Segment Start: Recorded information
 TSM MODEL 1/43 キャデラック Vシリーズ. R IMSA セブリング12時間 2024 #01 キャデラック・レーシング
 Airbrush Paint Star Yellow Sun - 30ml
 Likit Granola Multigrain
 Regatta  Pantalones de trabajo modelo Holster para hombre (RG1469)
Segment End: Recorded information
→ Problem requirements
Recreate the listing word for word, omitting nothing.

→ Exercise solution
 TSM MODEL 1/43 キャデラック Vシリーズ. R IMSA セブリング12時間 2024 #01 キャデラック・レーシング
 Airbrush Paint Star Yellow Sun - 30ml
 Likit Granola Multigrain
 Regatta  Pantalones de trabajo modelo Holster para hombre (RG1469)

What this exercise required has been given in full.